The maximum horizontal distance is obtained by throwing the ball at 45° with the horizontal.
Let v0=initial speed,
resolve v0 into horizontal and vertical components,
vh=v0*cos(45)
vv=v0*sin(45)

The time, t, the ball was in the air can be calculated by the horizontal distance divided by the horizontal component of velocity, vh.
t=97.8/vh

The vertical distance can be calculated using
S=vv*t+(1/2)gt²
where g=-9.8 m/s² (downwards)
Substitute vv and t into the above equation gives
S=(v0 sin45)*(97.8/(v0 cos45) + (1/2)g (97.8/(v0 cos45))²
From which v0 can be calculated as approximately 31 m/s.

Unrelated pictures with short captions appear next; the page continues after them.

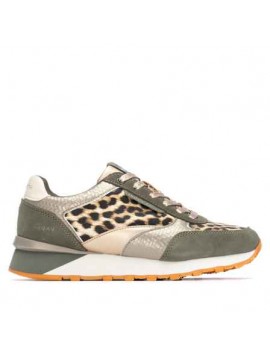 Sneakers femmes retro animalier Teddy Smith kaki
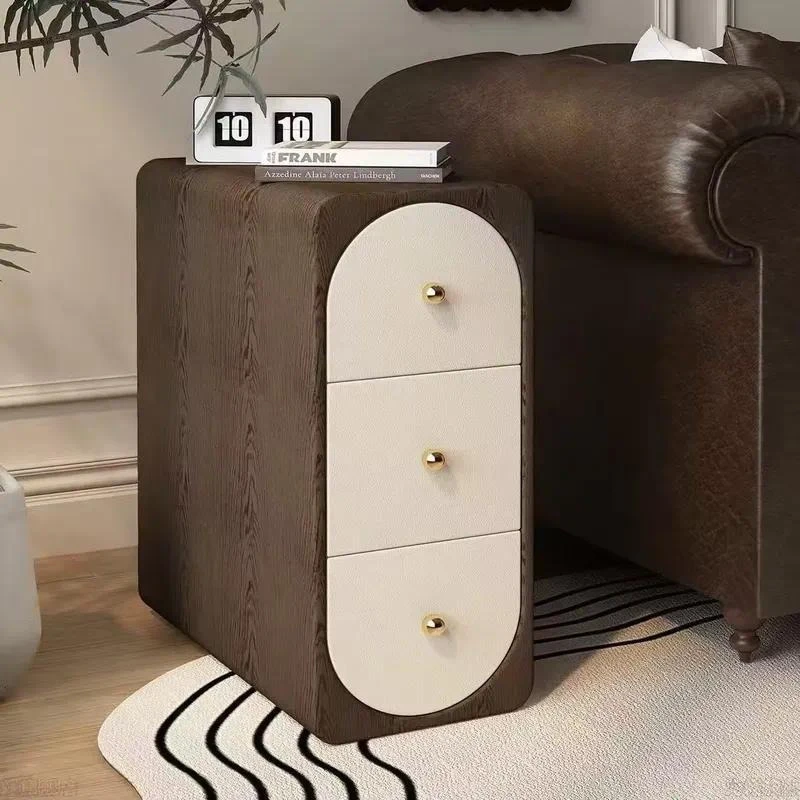Solid wood frame, drawer side cabinet, thin sofa side table, storage cabinet, home improvement furniture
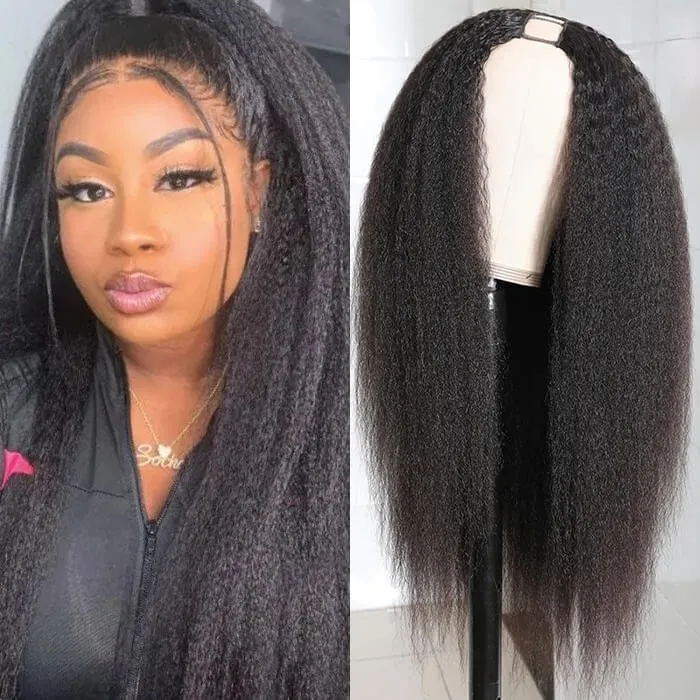 Sunber Youtuber Recommend Kinky Straight V Part Wig No Lace No Glue Upgrade U Part Human Hair Wigs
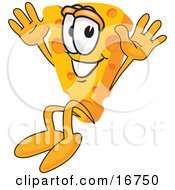 Wedge Of Orange Swiss Cheese Mascot Cartoon Character Jumping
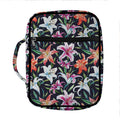 Watercolor Lily Flowers Pattern Print Front Pocket Bible Bag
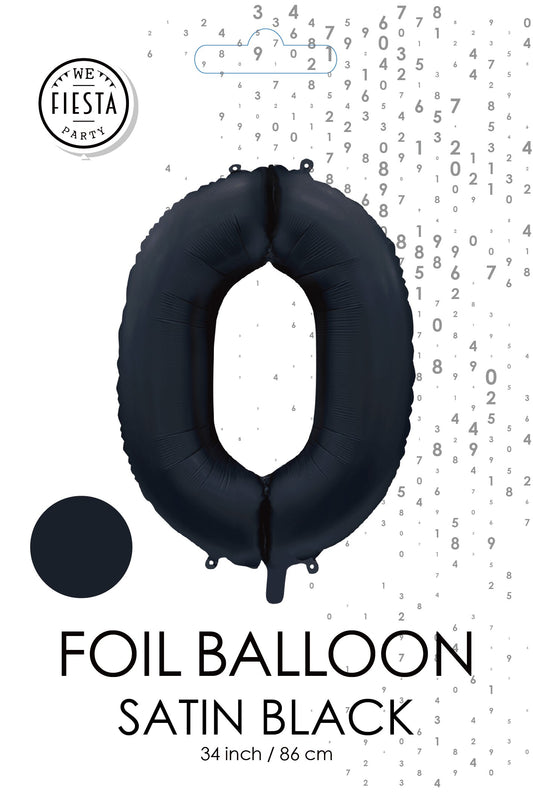 Folieballon 0 tal sort satin 86 cm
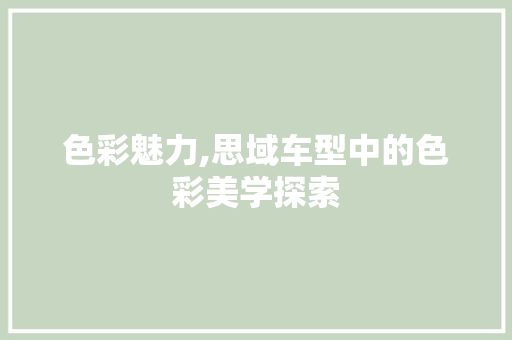 色彩魅力,思域车型中的色彩美学探索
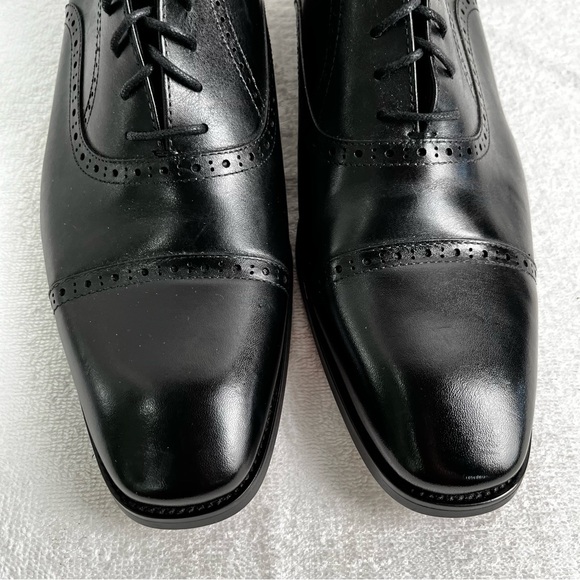 Alipasinm Classic Oxford Mens 10 Black Genuine Leather Lace Up Dress Shoes - Picture 10 of 16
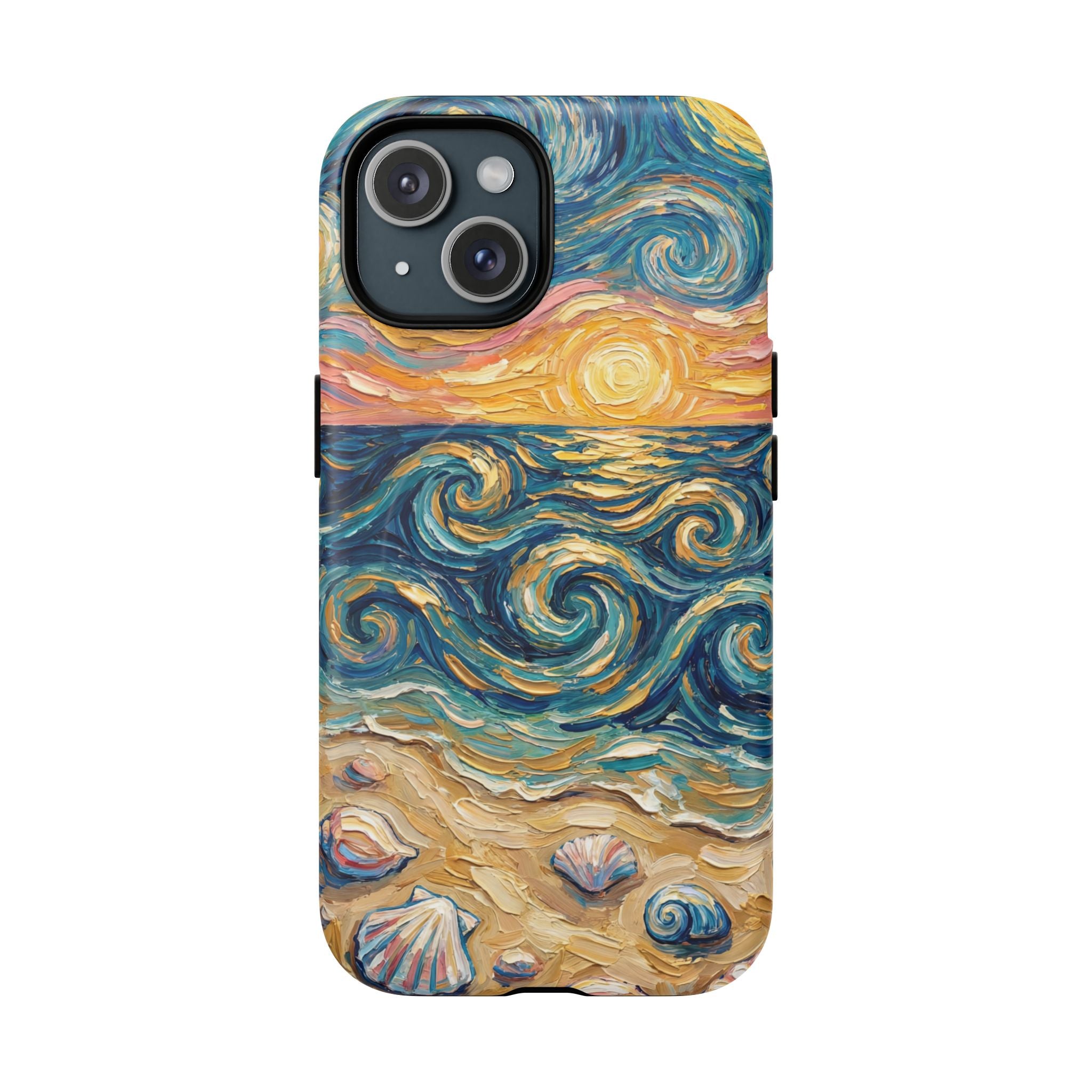 Sunset Ocean Waves MagSafe iPhone Case — Van Gogh‑Style Beach Waves with Shells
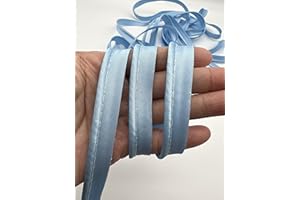 PEPPERLONELY 5 Yards 12mm (1/2 Inch) Polyester Satin Bias Piping Type, Bias Type with Cord, Piping Trim with Cord, Lip Cord Trim for Sewing Clothing Upholstery Trimming - Light Blue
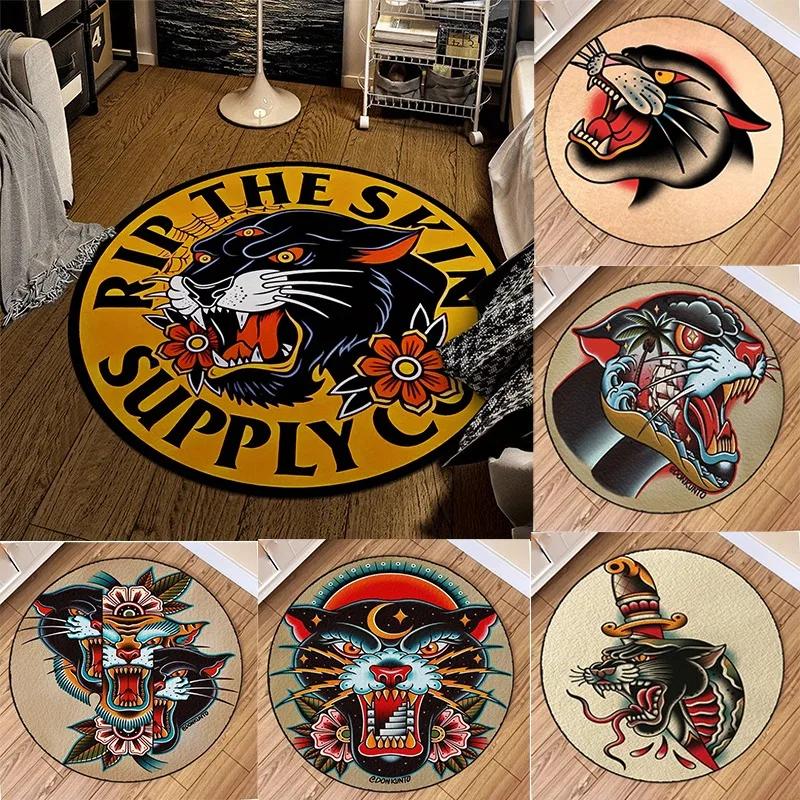 American Old School Black Panther Round Rug Polyester Area Gothic Home Decor Floor Mat Hand Wash Only Side Less Than Decoration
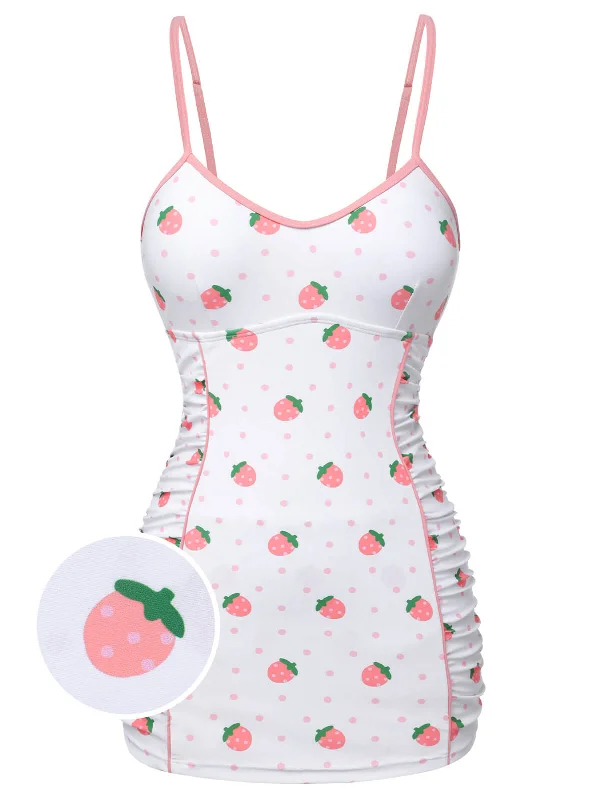 Striped bikini with a classic pattern for a timeless beach aestheticWhite & Pink 1950s Strawberry Pleated Swimsuit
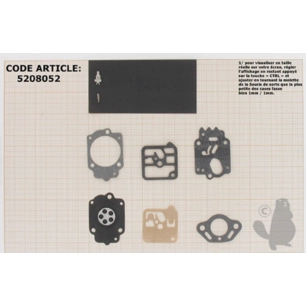 kit réparation membranes et joints carburateur adaptable homelite modèle xl-2. remplace origine tillotson rk-35hk.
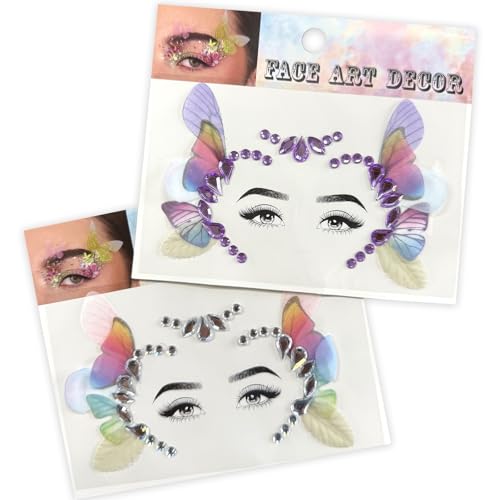Rhinestone Eye Gems with Fabric Butterflies - Self Adhesive Face Jewels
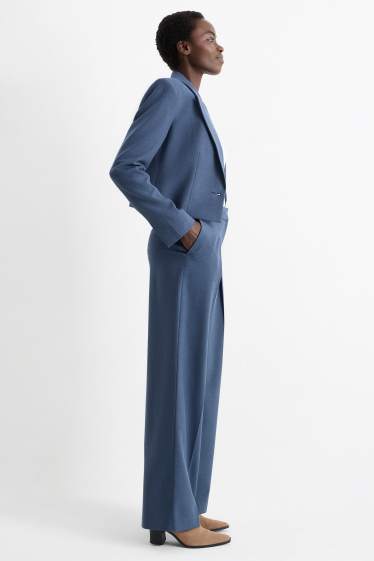Dámské - Business kalhoty - high waist - wide leg - tmavomodrá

Now apply the same velocity in the vertical direction,
initial kinetic energy
KE = (1/2)mv0²
At the top, h metres above ground, kinetic energy is zero, but potential energy is
PE = mgh
Equate KE=PE,
mgh=(1/2)mv0²
h=(1/2)mv0²/(mg)
=(1/2)v0²/g
= 49 m, approx.

First you need to know what angle from horizontal gives maximum range. With no air friction it is 45 degrees but you need to show that.
V = throwing speed
u = V cos A
Vo = V sin A
R = range = u T = V T cos A = 97.8
speed up = Vo - (9.8) t
= 0 at top where t = T/2 because half the time is rising and half falling
so
0 = Vo - 4.9 T
V sin A = 4.9 T
so T = .204 V sin A
range = V T cos A
range = .204 V^2 sin A cos A
so for what angle A is sin A cos A a maximum?
y = sin x cos x
dy/dx = 0 at max = -sin^2 x + cos^2 x
that is where the sin is equal to the cosine, 45 degrees, where sin = cos = .707 and sin*cos = .707*.707 = .5
so now we do the problem
range = .204 V^2 (.5) = 97.8
V^2 = 959
31 m/s approx
NOW throw vertical up at 31 m/s
31 = 9.8 t at top
t = 3.16 seconds traveling up
h = V t - 4.9 t^2
= 31*3.16 - 4.9(3.16^2)
= 97-49 = 48 meters approximately

MathMate's energy method is far cooler than my more basic method.

97.8/2 = 48.9

answer: 48.9m